1. The uniseal for the heater was not 100% effective. I was using a 3/4 inch uniseal, which I thought was the recommended size for a 300W ehiem heater. It turns out 1/2 inch is much more snug.  I replaced the seal with a size smaller and so far everything appears good. Water sprayed/dropped on the seal area appears to do nothing (which is good).

2. Sump #4 (the purigen reactor) was causing some flow issues. Purigen is small enough that when it bunches up it can restrict flow (at least in my system). I put some angled holes in the tube of the reactor to better push the purigen around so it doesn't bunch up.

After these fixes there is no air in the system and all is well. EXCEPT...  I was doing all my testing using an submersed pump to make priming of the system easier.

However, once I turned on my main pump (which is not submerged) a lot of my issues returned. Mainly, the pump immediately begins to cavitate (even though it is fully primed) and air appears out of nowhere throughout the system.  Attached is a picture of the system I was using to test.

Basically all I did was continue the system into a filled bucket and used the exact same pump (submerged) in the bucket.

So the test setup was: Bucket ->Submerged pump (ON) ->  inflow of system (top of picture) -> inline pump (turned OFF) -> outflow of system (bottom of picture) -> Bucket.  *It runs perfect. *

And the problem setup is: Bucket ->  Submerged pump (OFF) ->inflow of system (top of picture) -> inline pump (turned ON) -> outflow of system -> Bucket. *I am now a magician and creating air from nothing.*

The only difference is which pump is turned on. The path of water is exactly the same. The inline pump is fully primed as all I am doing is unplugging the submerged pump (once all air is bled) and plugging in the inline pump.

Can anyone offer advice on what is causing this?


----------



## rubadudbdub (18 Oct 2020)

From what I understand the difference is the pump sits before the filters, or after. So again it's a difference between negative pressure/suction (pump after) and positive pressure (pump before). 

The resistance within the system will be roughly the same, and its the resistance to flow that's making the pump cavitate.

Have you tried removing all the media to determine whether it's media resistance or the system design itself?  If the pump still cavitates with no media in it you'll have to have a rethink.  The media is also clean now, as it clogs flow will further reduce. 

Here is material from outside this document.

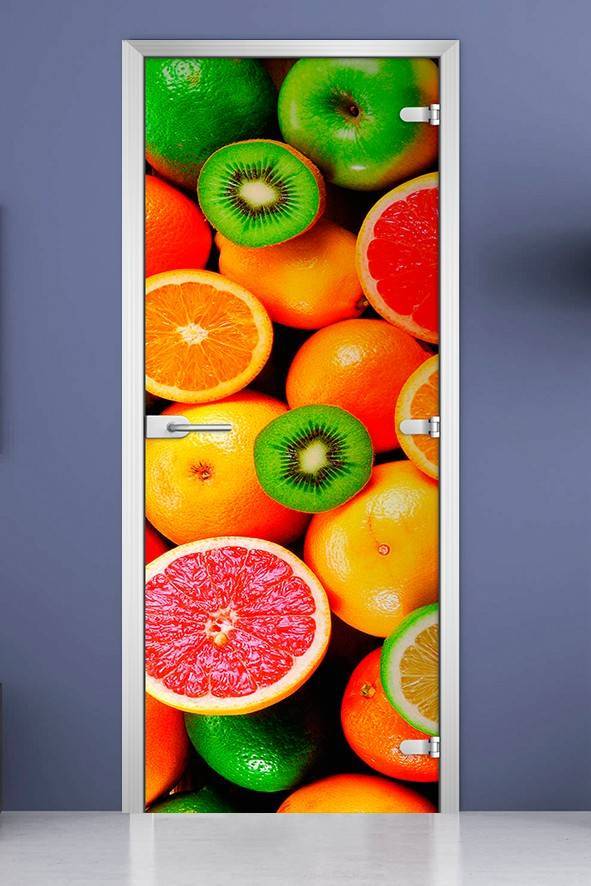 Стеклянная межкомнатная дверь с фотопечатью «Fruite-07»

It might help to understand where these filters fit within the overall system.  Is this being fed via gravity?  Or is it coming pumped from a sump/somewhere else?  Is the pump returning to the tank and part of your main flow in the tank, or returning to a sump?  What are the pipe diameters? 

I haven't run a sump since keeping marines in the late 90s, but there are people on here with more recent experience.  But to my eyes the inflow pipe top right doesn't look much bigger than the return.  It may be that if its gravity fed, the flow cannot keep up with the flow rate of the pump. 

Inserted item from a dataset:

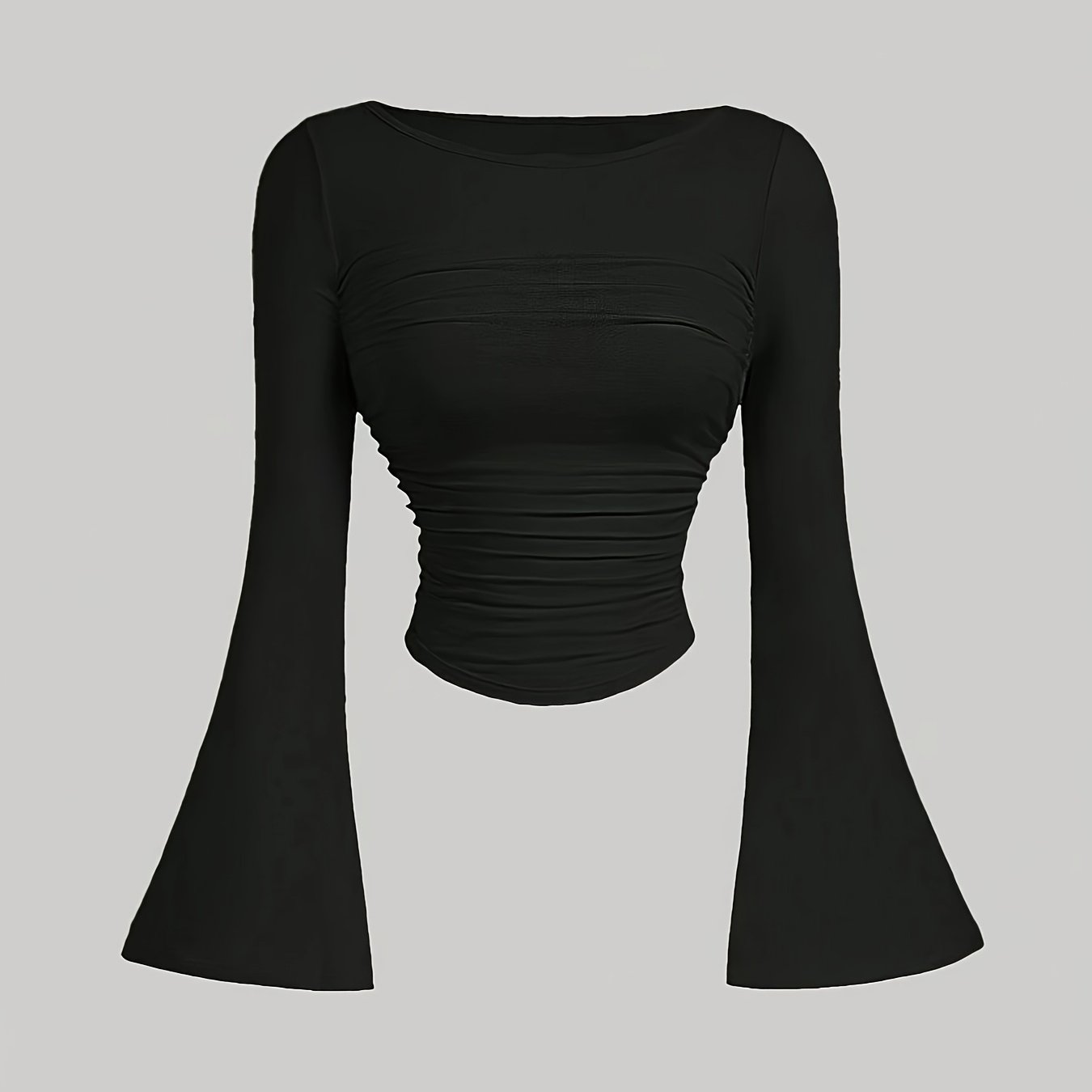 Slim Fit Casual Crew Neck Flared Sleeve Pleated Design Long Sleeve T-shirt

On your test you may have gotten the inflow -> pump -> filters orientation to work without cavitating as the inflow is likely shorter (less resistance than long tubes) and lacks the resistance from the filters, so flow will be less impeded on suction side, but will instead be impeded on the pumped side.


----------



## somail (6 Nov 2020)

Hi Everyone, 

Based on everyone's advice I went back to the drawing board to redesign the system. After about a week of testing I concluded that the pumps  (Eheim 1262 & Danner Supreme Aqua-Mag 12) were probably too much pump for the project. I also stripped down part of the system to decrease the pipework to the pump so the pump had less negative pressure to deal with.  In the end I decided to go with a budget DC pump (Jebao DCP 500), which appears to have a similar flowchart to the Eheim and Danner I was using. Additionally, it is adjustable so it will allow me to fine tune the pump to the flowrate I can provide from the tank. This pump combined with the reworked system layout appears to be working really well. I attached a picture of the new setup if anyone is curious. 

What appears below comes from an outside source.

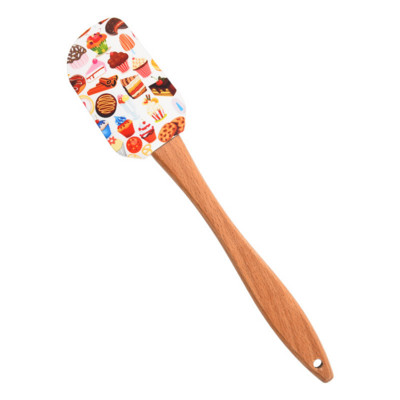 Jauns Ziemassvētku koka rokturu virtuves fondant kūku krēms lāpstiņa silikona sviesta skrāpis virtuves cepšanas rīki Espatula silicons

I did my best to incorporate everyone's feedback and so overall I made the following changes: 
 - Reduced travel time to the pump by moving it directly under the initial mechanical filtration and before the heater and all other filters
 - Removed two elbows using the new design by using some tubing instead of PVC
 - Changed to an adjustable pump
 - Moved the temp probe to before the heater 
-  Removed about half a meter of tubing to the tank

As of right now I am running the pump at 60% power and this is generating 1,200 L/H of flow which is about a 6x turnover rate and was my original target. The new layout primes considerably easier and the pump is near silent. The best news is that the inline heater is working well, which I guess brings the story to a conclusion since that was the original topic of the thread to begin with. The very top part of the heater (above the elbow) does have a small air pocket, but I expect this behavior based on the change in pipe size of the heater tube. 

The only thing I haven't fully figured out is the Purigen reactor (center of pic). It is working well, but the purigen is so small I have a hard time figuring out how to contain it. Right now I am using very fine filter foam with filter floss stuck in between. This appears to hold the purigen in place but isn't my favorite solution. I might just break down and buy a few purigen bags, but of course that won't have the cool circulation look.  Maybe that is a thread for another day.

Thanks again for all of the help.


----------



## Regent (9 Nov 2020)

That looks great! any chance you can give some more information on how you built it, where you got the components from etc?


----------



## somail (9 Nov 2020)

Sure, see below for the main item list. 

Canisters: 4 x https://www.freshwatersystems.com/p...water-filter-housing-black-clear-w-pr-3-4-fpt
Pump: 1 x Amazon product
Heater: 1 x Eheim 300 Heater Amazon product
Heater Controller: Amazon product
Lilly Pipes: JARDLI Glass Lily Pipe Inflow and skimmer inflow (3/4") Glass. I got both off of Amazon, but I am having difficulty finding the link
Heater Tube: https://www.homedepot.com/p/Formufi...Sch-40-PVC-Pipe-in-Clear-P114FGP-UV/206028405
Valve Unions: https://www.pvcfittingsonline.com/fpv-3-4-pvc-true-union-ball-valve-socket-threaded-ends.html
Normal Unions: https://www.pvcfittingsonline.com/9897-007-3-4-schedule-80-cpvc-union.html 
Uniseal (for heater): https://www.aussieglobe.com/12-Uniseal-U050.html
Sealant: Lots of Teflon tape (usually 10 - 12 times around)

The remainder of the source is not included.